Let’s be clear – the ask that was made, the ask to step up, was based on social capital – it was based on a connection. A connection who could vividly paint the possibility of experience ahead. I’ve seen it in action. Again and again. I can’t count the amount of times when I have been up against it with a tough comms challenge – or a question from a mentee, perhaps outside my own field of comms strategy and facilitation, that I could not answer and have received emergency assistance from many a generous colleague in this organisation – and vice versa.

You know who you are. Thank you. I will always endeavour to do the same for you. Because there’s a u in endeavour.

Now let’s take stock. The smoke has not entirely cleared. Some will in fact say that we’re on a burning platform. One only we can fix. What’s happening?
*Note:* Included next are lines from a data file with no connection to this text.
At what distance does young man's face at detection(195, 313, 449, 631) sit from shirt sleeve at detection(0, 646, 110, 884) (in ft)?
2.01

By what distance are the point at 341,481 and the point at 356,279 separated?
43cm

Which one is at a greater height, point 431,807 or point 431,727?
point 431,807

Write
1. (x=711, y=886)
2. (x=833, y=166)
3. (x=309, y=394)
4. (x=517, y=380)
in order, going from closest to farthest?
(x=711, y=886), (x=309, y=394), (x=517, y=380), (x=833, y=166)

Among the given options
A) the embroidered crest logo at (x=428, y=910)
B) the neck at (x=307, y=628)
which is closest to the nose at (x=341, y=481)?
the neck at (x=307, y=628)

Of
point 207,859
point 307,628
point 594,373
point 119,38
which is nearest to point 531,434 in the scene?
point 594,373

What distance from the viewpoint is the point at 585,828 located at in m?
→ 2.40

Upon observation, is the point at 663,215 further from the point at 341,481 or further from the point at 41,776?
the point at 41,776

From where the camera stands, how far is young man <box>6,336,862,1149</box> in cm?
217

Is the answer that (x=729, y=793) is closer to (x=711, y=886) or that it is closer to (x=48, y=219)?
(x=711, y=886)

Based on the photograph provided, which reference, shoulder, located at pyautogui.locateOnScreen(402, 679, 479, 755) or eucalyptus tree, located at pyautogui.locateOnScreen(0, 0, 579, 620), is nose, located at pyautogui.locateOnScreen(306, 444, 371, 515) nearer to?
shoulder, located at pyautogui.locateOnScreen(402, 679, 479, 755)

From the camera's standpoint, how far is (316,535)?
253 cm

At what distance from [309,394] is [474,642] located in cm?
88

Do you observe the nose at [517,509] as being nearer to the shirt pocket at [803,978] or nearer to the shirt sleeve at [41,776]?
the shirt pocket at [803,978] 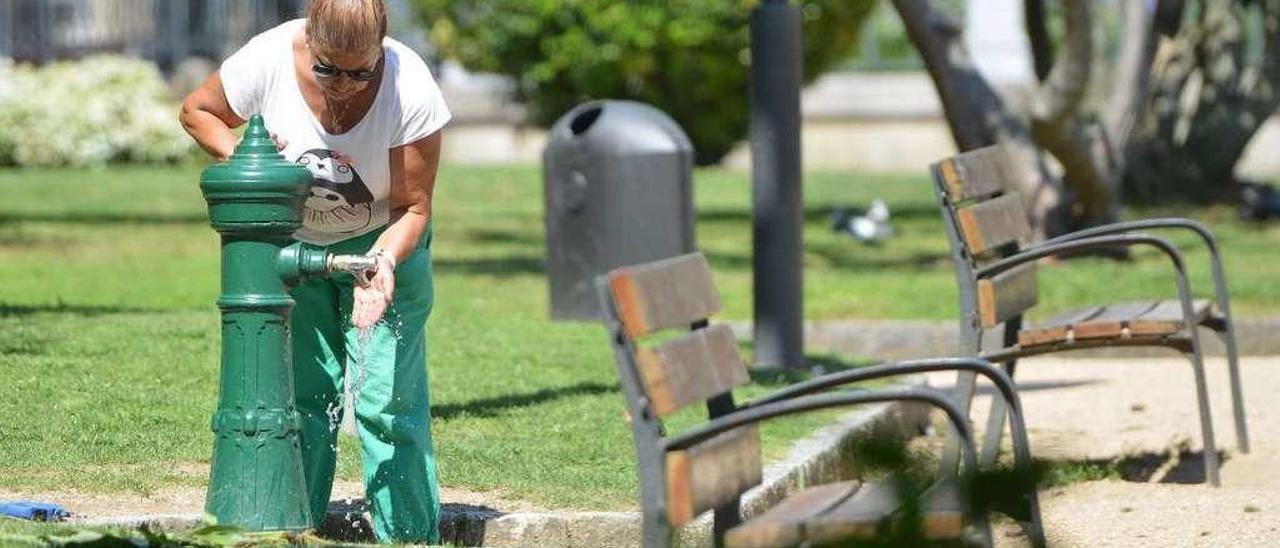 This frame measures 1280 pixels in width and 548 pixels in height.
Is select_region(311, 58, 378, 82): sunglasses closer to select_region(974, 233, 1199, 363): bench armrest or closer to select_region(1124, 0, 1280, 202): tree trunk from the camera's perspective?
select_region(974, 233, 1199, 363): bench armrest

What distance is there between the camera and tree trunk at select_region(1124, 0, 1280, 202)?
716 inches

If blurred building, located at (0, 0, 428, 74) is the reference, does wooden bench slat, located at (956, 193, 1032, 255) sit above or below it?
below

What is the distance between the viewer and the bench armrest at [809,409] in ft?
11.9

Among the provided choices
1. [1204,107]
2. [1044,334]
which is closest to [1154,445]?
[1044,334]

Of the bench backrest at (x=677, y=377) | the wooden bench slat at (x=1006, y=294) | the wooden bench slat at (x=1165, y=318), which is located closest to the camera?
the bench backrest at (x=677, y=377)

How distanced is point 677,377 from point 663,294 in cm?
17

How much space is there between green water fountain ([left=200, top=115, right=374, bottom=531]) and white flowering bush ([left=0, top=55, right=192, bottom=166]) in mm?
17848

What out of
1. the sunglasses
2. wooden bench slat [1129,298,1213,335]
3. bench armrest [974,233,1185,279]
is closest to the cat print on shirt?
the sunglasses

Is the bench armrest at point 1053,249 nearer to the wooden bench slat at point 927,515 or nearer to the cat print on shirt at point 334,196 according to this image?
the cat print on shirt at point 334,196

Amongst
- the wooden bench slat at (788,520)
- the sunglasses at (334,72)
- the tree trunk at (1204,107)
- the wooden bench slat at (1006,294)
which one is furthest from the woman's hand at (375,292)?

These days I pay my own way for membership, yet when I joined, membership was an employer-provided benefit. For me; for many. The CFOs of the world removed that budget line. It isn’t coming back. Meanwhile on the interwebs indirect competitors are eating our audience for breakfast:  $20 for a copy of Harvard Business Review? Why pay, you can read five articles a month for free… $50 bucks for an event? Curate your own crowd using Meetup.com – there are thousands of if not hundreds of thousands of groups out there.

Competition is fierce.How many of you have used Uber or AirBnB? We’re not the only ones being disrupted. I know times have been hard. It hasn’t been a bed of roses. This I know. But you are nothing if not resilient. Now, it is not surprising that the field is busier than ever – Google tells me that there are:  2,500,000 searches for a communications strategy every month,  140,000 of those are looking for comms skills,  120,000 are looking for a coms conference…and if our membership grew at the rate of our LinkedIn group – now well past the 40,000 mark, we’d have fourfold the resources we have now.